James Pethokoukis has a new article in Commentary that examines nominal GDP (NGDP) targeting and its potential to spark a recovery. The piece starts out fine, but then gets gets confused because it fails to distinguish between a NGDP growth rate target and a NGDP level target. A NGDP growth rate target, like an inflation target, lets bygones be bygones. A NGDP level target, on the other hand, corrects for past mistakes. Under a NGDP level target a central bank would commit to reigning in aggregate nominal spending if it overshot and vice versa. Such a rule would therefore actually anchor long-run inflation expectations while allowing for aggressive catch-up growth (or contraction) in aggregate nominal spending so that NGDP returned to its trend path. The following figure illustrates these important differences:
Note that with a NGDP growth rate target (the blue line) NGDP can be growing on target and yet the big collapse in aggregate demand that precedes it is never corrected. With those points made, let's turn to Pethokoukis' piece:
And there’s the rub. The idea of nominal GDP-targeting would threaten the Fed’s hard-fought credibility as an inflation-killer and raise expectations of future inflation simply to jimmy the unemployment rate a point or so lower than it would be five years from now.
No. There might be higher inflation in the short-run, but over the long-run a NGDP level target would anchor (see the red line) nominal expectations. But even then, some higher inflation over the short run is actually justified. For it would restore nominal incomes to where they were expected to be when debtors and creditors agreed to nominal contracts and similarly it would return debt burdens to the path expected when the contracts were signed.

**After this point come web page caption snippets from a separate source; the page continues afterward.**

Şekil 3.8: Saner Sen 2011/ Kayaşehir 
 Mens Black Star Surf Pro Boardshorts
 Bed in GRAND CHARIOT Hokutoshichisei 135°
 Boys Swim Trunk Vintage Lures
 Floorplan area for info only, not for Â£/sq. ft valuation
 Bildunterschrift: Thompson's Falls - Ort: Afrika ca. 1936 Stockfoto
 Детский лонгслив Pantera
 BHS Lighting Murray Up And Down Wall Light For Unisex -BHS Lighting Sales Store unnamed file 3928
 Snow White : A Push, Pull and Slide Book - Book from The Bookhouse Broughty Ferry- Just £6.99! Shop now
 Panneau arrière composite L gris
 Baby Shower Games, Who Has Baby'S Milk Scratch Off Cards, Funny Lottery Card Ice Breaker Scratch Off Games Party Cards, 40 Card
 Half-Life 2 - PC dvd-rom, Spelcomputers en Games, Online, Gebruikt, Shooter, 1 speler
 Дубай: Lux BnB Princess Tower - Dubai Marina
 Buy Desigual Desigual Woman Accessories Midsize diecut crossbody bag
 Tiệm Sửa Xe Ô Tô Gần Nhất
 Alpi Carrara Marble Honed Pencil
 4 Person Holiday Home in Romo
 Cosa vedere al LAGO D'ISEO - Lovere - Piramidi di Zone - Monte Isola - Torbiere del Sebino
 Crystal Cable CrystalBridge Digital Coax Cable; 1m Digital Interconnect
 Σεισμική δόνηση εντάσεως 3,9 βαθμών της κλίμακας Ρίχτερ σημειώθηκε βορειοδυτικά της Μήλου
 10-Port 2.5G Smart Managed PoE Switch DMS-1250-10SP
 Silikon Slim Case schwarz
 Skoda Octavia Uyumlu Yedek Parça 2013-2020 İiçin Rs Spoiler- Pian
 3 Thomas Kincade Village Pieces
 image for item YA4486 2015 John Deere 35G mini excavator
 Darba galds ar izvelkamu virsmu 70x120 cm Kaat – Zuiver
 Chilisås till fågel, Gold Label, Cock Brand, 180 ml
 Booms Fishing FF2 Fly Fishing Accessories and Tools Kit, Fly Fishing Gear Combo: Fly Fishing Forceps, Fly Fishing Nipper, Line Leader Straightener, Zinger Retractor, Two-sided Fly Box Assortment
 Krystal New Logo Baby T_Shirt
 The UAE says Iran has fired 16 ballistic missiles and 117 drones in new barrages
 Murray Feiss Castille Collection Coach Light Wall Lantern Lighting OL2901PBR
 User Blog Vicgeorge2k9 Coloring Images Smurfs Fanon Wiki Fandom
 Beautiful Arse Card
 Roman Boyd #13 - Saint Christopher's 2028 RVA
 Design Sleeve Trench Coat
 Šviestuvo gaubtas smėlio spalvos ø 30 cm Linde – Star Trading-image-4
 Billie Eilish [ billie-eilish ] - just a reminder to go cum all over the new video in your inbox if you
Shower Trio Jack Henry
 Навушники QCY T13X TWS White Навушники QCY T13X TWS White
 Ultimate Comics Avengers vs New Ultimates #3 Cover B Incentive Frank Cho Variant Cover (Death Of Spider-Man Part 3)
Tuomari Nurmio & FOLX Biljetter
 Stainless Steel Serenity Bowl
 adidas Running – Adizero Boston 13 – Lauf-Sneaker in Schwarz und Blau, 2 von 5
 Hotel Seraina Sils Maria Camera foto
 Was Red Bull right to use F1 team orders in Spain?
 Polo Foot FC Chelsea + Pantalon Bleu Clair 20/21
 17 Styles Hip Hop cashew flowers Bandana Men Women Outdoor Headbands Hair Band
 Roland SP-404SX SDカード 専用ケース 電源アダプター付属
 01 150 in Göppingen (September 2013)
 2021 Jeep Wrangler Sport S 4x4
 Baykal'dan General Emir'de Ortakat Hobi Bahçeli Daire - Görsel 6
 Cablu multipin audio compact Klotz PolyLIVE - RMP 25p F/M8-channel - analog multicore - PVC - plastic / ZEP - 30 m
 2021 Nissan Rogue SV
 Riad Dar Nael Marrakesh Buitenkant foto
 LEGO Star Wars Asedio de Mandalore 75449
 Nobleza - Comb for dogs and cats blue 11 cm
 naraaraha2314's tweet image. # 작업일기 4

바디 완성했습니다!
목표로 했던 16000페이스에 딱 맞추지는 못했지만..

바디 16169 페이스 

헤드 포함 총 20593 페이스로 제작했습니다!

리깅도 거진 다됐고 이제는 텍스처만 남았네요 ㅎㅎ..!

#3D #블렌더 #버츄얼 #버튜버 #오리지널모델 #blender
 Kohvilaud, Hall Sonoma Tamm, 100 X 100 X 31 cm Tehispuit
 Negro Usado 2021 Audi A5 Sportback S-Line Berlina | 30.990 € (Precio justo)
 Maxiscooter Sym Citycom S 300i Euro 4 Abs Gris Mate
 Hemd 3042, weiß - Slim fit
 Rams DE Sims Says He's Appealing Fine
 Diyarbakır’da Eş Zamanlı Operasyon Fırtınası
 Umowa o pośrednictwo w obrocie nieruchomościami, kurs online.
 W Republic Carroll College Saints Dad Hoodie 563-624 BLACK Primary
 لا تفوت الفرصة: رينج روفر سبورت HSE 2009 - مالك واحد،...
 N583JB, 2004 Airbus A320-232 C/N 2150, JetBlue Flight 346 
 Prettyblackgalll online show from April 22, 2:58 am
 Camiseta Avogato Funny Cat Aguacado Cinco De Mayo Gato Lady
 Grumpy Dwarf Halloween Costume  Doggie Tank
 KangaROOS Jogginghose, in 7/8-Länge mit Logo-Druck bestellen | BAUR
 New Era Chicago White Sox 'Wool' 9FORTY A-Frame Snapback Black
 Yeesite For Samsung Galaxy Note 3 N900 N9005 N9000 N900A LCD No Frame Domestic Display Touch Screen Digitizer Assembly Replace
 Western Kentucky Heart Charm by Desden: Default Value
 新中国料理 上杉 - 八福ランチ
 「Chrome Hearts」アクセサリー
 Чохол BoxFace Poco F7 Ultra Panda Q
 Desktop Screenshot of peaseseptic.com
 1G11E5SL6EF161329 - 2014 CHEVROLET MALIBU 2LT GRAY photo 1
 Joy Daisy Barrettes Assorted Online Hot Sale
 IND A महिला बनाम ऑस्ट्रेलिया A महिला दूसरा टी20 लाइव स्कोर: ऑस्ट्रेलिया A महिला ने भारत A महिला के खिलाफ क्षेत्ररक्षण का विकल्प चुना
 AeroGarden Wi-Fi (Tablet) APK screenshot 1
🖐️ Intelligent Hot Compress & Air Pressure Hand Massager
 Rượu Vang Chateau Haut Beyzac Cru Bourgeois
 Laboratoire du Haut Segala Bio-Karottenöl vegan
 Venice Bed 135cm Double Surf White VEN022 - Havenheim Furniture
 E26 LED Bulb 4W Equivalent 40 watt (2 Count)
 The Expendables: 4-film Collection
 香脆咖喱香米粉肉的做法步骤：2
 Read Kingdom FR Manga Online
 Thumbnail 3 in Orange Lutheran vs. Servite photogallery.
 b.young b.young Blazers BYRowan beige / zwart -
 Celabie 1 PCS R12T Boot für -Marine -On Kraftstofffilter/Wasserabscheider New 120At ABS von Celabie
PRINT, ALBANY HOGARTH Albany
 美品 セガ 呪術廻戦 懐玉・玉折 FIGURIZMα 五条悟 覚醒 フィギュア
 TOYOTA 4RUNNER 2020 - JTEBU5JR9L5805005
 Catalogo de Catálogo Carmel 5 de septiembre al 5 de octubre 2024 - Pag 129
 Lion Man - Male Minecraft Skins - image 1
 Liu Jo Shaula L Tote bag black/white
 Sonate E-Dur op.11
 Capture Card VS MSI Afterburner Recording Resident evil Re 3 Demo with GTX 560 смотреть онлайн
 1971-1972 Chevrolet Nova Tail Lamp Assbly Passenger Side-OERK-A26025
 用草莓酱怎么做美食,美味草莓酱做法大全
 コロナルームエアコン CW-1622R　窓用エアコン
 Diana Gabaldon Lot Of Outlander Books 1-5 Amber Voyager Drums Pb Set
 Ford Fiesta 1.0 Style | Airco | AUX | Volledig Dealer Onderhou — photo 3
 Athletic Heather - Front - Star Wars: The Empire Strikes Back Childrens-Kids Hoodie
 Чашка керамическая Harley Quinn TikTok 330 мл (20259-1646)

And then there is the Glenn Hubbard adding to the confusion:
[M]arkets [may] begin to worry that the Fed won’t be able to unwind its positions in a timely manner to prevent an uncontrolled inflation surge...That concern is well justified, according to R. Glenn Hubbard, dean of Columbia’s business school and potential Fed chairman if a Republican wins the White House in 2012. As he told me recently: “In the near term, it’s hard for me to imagine that [NGDP-targeting] would work much differently than what the Fed is currently doing, which isn’t exactly a booming success. And then in the longer term, I would worry about inflationary expectations becoming unhinged….
No. Hubbard is thinking of a NGDP growth rate target (the blue line.) Advocates of NGDP targeting are thinking of a level target (the red line) which implies more aggressive but systematic monetary stimulus. And no, the inflation expectations would not get unhinged because this is a level target. As we learned from FDR's experience with level targeting in 1933-1936, such an approach can do wonders for the real economy and still maintain a nominal anchor. Ben Bernanke knows all this and advocated something like it for Japan. Consequently, I do not think he is worried about unmooring inflation expectations, but is concerned about the politics of adopting such a new rule. If Republican leadership would give NGDP level targeting a fair hearing they might actually like it.